*** Records provided Section Begins ***

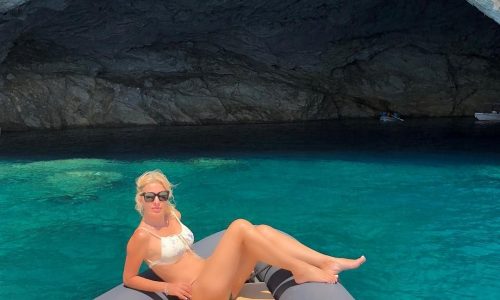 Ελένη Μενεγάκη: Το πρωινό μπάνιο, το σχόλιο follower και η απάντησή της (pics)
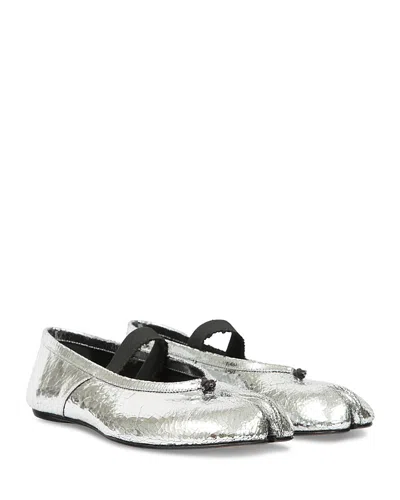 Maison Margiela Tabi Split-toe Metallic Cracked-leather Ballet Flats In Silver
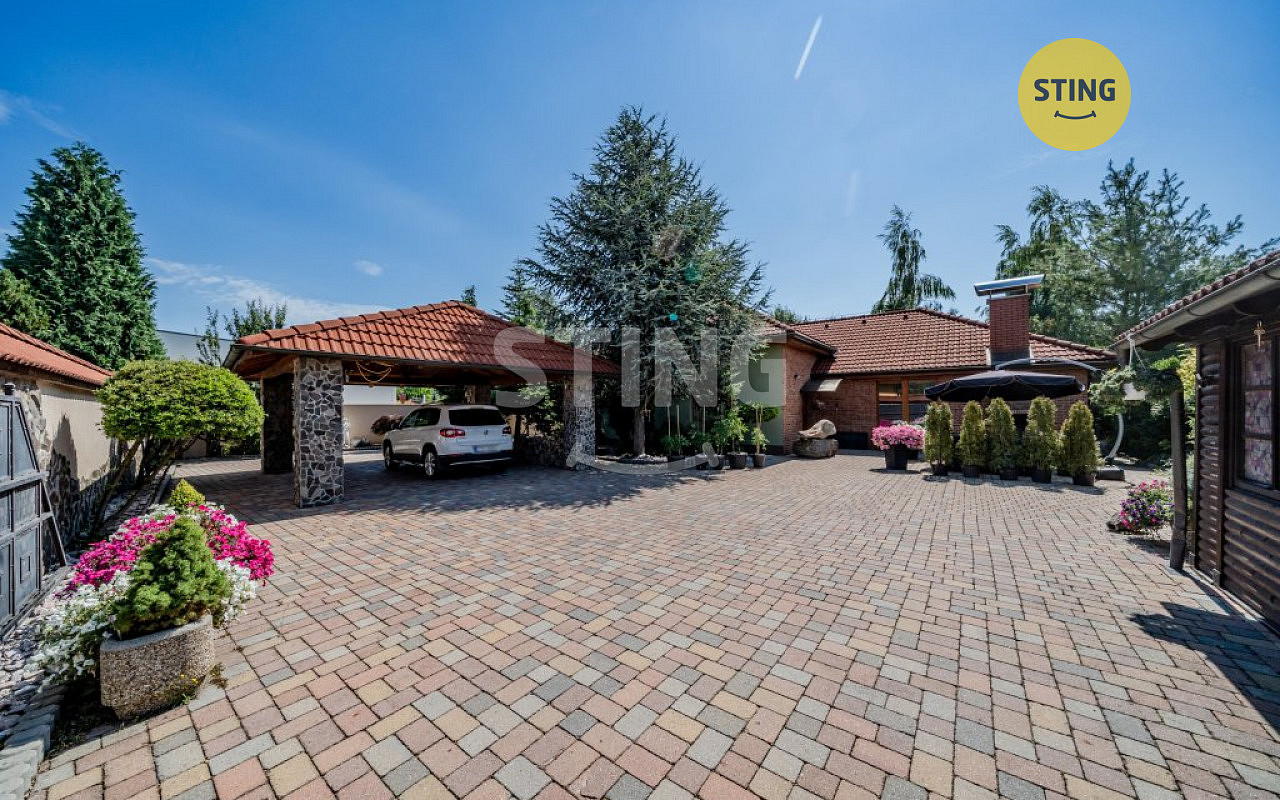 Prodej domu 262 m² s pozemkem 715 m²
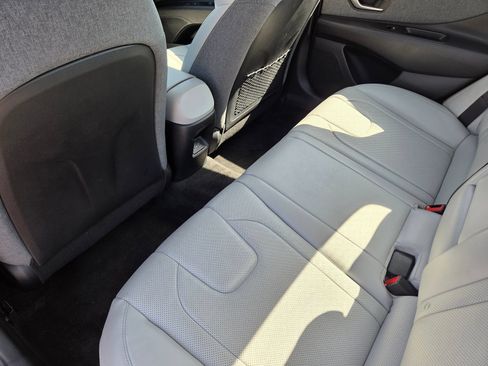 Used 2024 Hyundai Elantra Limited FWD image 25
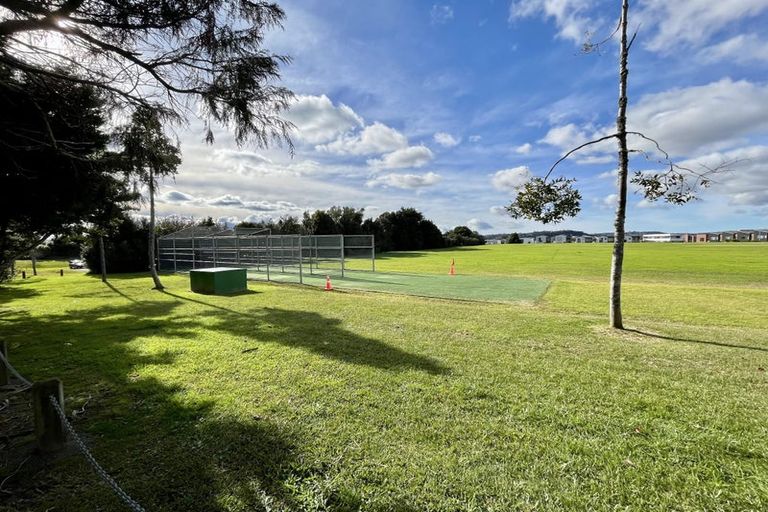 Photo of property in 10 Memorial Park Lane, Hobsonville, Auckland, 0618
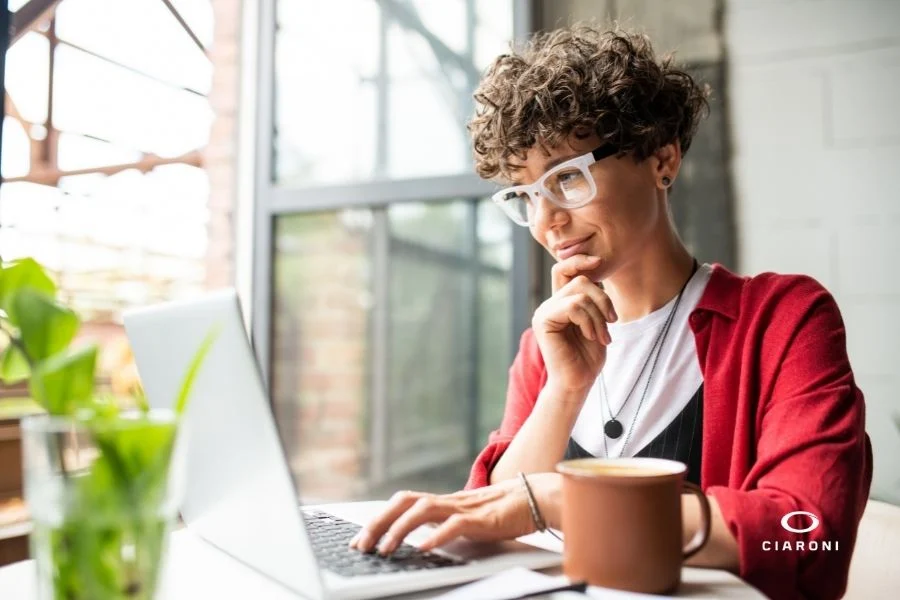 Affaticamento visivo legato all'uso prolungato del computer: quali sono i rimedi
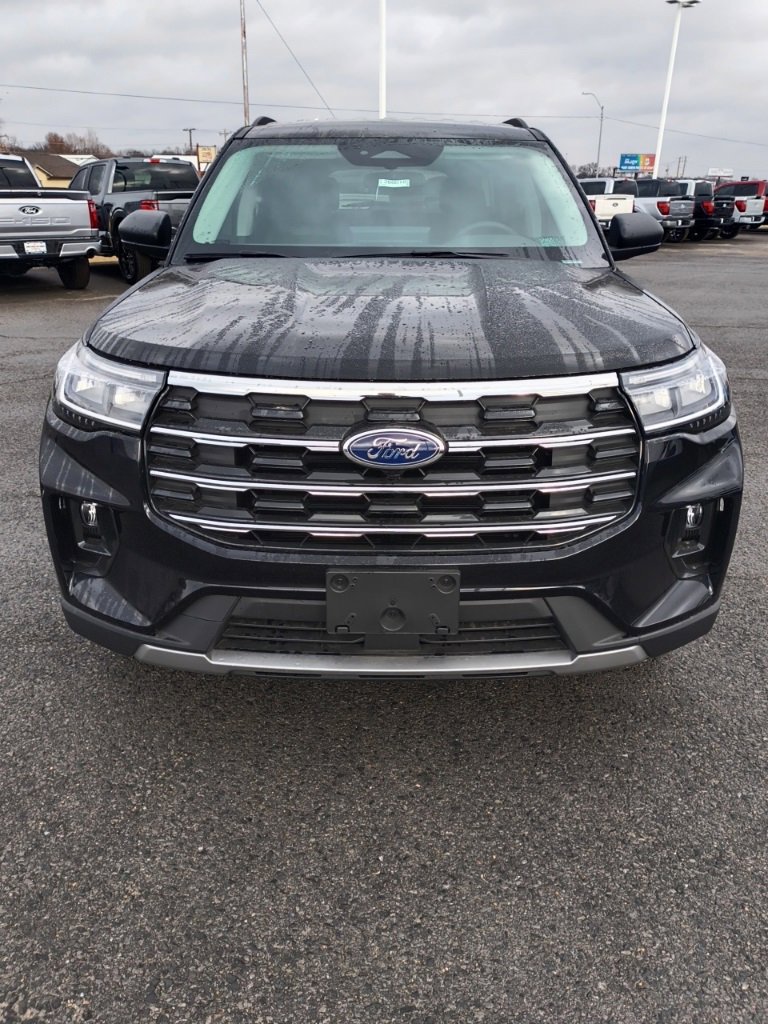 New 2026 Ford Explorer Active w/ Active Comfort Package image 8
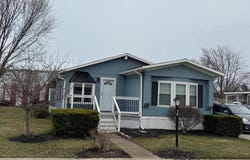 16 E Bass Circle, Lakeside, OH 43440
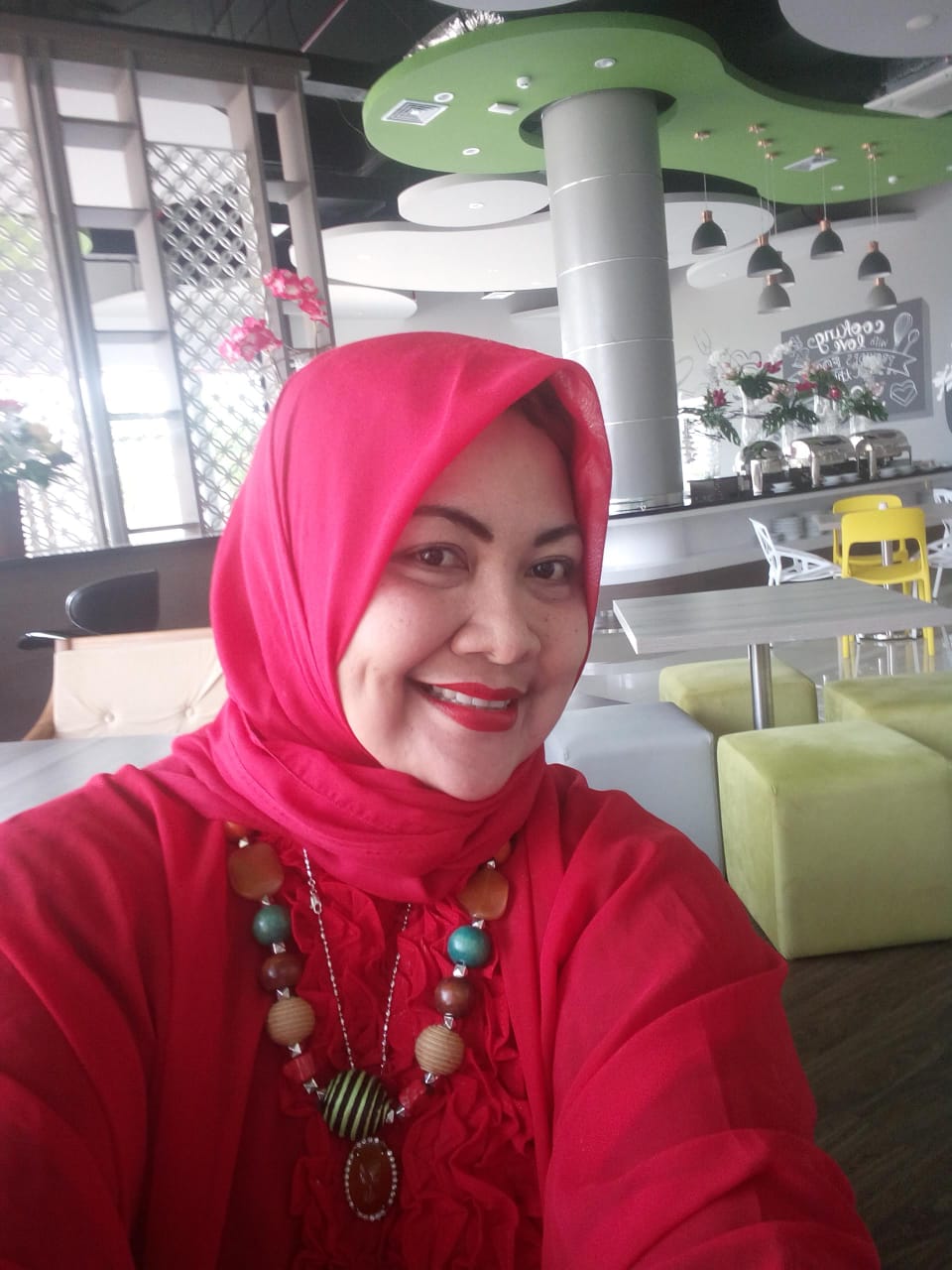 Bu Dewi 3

*** Records provided Section Ends ***

■ Work to be completed: With the pictures set aside, please write out all of the records above exactly.

■ Task answer:
 Ελένη Μενεγάκη: Το πρωινό μπάνιο, το σχόλιο follower και η απάντησή της (pics)
 Maison Margiela Tabi Split-toe Metallic Cracked-leather Ballet Flats In Silver
 Prodej domu 262 m² s pozemkem 715 m²
 Used 2024 Hyundai Elantra Limited FWD image 25
 Photo of property in 10 Memorial Park Lane, Hobsonville, Auckland, 0618
 Affaticamento visivo legato all'uso prolungato del computer: quali sono i rimedi
 New 2026 Ford Explorer Active w/ Active Comfort Package image 8
 16 E Bass Circle, Lakeside, OH 43440
 Bu Dewi 3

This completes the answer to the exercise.